In a parking lot next to a hospital in an Atlanta suburb, dozens of modular critical care units—made in a factory and delivered by truck—are being installed to help add space as COVID-19 cases continue to grow.
The prefab system, called STAAT Mod (Strategic, Temporary, Acuity-Adaptable Treatment), has the same complex features as standard hospital rooms. But while traditional construction of an intensive care unit might take 12 to 24 months, this can be put in place in just a few weeks. “This goes together like a series of Legos or an erector set,” says Kurt Spiering, principal and healthcare market sector leader at HGA, the architecture firm behind the design. “That was really the challenge: How would you create something that’s repeatable and modular, but something that has infinite variations, so it could be adapted and assembled in any different arrangement?”

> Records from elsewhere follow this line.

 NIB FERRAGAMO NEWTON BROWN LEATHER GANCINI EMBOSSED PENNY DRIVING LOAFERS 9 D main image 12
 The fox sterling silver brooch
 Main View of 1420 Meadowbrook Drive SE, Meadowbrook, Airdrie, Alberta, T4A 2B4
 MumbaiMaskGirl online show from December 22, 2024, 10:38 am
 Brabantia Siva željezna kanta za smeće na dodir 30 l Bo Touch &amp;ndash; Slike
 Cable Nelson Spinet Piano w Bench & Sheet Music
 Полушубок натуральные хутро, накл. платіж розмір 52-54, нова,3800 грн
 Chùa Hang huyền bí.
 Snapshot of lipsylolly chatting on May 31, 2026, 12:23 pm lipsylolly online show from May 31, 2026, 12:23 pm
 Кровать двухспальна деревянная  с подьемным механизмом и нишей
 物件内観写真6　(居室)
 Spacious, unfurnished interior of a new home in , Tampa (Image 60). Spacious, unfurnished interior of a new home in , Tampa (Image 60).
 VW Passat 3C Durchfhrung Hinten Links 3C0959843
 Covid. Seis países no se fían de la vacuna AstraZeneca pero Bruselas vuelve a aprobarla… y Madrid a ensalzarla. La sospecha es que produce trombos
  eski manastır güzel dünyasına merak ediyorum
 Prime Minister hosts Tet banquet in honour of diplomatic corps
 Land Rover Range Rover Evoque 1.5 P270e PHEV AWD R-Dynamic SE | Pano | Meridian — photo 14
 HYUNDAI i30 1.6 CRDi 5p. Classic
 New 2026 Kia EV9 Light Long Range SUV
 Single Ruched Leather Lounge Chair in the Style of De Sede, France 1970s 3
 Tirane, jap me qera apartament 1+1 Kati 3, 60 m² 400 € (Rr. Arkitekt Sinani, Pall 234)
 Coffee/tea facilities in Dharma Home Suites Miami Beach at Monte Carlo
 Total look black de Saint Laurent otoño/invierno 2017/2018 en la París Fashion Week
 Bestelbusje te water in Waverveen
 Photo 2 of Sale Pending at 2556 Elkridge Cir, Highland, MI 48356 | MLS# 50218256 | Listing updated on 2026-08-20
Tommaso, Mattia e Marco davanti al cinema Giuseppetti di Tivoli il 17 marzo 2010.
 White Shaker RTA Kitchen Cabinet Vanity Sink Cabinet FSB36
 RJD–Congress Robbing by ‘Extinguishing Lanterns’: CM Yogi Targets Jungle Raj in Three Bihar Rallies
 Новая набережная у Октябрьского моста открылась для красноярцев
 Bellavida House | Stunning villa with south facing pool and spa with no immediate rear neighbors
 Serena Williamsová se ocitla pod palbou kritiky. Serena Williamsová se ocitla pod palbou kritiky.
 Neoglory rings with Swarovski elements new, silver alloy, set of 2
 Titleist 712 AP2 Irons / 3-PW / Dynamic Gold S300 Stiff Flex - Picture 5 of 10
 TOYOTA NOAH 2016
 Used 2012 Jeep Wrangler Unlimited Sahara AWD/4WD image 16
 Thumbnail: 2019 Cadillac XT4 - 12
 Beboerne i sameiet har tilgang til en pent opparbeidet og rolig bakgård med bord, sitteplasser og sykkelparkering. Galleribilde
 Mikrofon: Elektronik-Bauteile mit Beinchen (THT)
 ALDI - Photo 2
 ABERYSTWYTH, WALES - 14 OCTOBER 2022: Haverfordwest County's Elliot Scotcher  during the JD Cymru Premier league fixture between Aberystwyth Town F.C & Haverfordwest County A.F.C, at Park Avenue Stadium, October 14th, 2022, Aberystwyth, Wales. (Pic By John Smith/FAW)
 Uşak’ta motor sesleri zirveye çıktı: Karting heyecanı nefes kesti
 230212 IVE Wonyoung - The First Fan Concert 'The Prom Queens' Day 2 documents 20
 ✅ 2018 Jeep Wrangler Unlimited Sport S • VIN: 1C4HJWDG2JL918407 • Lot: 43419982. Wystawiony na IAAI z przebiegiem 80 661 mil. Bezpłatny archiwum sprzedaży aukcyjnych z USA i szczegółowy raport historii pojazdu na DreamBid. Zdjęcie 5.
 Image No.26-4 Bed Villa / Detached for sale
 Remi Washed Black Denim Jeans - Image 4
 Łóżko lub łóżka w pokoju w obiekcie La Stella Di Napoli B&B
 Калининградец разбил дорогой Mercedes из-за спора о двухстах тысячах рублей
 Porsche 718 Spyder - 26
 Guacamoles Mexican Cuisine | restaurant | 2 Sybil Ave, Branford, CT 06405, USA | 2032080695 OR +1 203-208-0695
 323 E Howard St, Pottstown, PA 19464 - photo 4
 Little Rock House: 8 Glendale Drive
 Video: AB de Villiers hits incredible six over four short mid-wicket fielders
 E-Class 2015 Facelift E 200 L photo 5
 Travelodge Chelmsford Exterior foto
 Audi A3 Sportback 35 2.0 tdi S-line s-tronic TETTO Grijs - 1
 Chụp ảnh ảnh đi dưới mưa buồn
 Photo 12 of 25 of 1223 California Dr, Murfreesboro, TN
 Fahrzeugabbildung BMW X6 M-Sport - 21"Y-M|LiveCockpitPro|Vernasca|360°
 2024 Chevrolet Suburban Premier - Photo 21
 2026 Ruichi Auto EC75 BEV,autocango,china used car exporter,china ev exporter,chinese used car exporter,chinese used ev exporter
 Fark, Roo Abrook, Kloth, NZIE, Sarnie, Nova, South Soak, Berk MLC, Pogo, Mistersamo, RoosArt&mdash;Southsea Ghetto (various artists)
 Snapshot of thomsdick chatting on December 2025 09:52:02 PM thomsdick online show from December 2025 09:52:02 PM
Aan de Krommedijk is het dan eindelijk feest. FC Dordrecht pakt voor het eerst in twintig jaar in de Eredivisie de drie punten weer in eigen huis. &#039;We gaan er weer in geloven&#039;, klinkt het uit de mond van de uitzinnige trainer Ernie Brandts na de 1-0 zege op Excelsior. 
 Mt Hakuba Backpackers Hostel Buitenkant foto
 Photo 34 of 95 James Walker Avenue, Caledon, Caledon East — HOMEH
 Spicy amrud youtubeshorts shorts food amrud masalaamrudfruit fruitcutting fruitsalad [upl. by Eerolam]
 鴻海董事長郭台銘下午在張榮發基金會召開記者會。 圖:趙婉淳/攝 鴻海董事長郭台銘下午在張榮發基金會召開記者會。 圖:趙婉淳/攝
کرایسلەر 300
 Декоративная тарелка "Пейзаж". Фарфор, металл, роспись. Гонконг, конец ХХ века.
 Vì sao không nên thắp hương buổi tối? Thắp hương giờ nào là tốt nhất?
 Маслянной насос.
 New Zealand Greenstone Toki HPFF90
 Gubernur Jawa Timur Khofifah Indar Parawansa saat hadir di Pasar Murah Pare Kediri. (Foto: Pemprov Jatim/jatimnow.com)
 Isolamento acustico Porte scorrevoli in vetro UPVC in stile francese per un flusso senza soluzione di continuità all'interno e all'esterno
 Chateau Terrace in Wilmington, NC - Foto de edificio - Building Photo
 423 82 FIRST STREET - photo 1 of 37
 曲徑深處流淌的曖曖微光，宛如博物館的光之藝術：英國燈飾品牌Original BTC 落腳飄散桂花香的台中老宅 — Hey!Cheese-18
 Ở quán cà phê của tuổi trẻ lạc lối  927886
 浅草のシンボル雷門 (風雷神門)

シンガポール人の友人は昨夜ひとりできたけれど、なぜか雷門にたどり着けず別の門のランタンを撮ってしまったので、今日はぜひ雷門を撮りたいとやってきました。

In the hospital near Atlanta, called Northside Hospital Gwinnett, 71 isolation rooms are being put in place outside. “They had a big, open parking lot they can land these things in,” Weisman says. “And I would say that we have maximized, to the foot, that site of getting as many beds as possible on it.” The hospital, in an area where the population is quickly growing, needed to add capacity even without COVID-19. As coronavirus cases surged in the area in the summer, the team reached out to the architects, who worked on customizing a design. Fabrication took about a month, and modules began to be installed in September. The whole new “wing” of the hospital will be complete in December. (Hospital management did not respond to a request for an interview in time for this article.)
As cases surge elsewhere now, other hospitals could move quickly to install similar systems if needed. “Within three weeks, we can have them on the road,” says Spiering. “They take a week or so to get to the site. It takes another six weeks or so to actually install them when they show up to the site and get utilities there and become operational. In 8 to 10 weeks, we could have a 16-bed unit fully operational and ready to go.”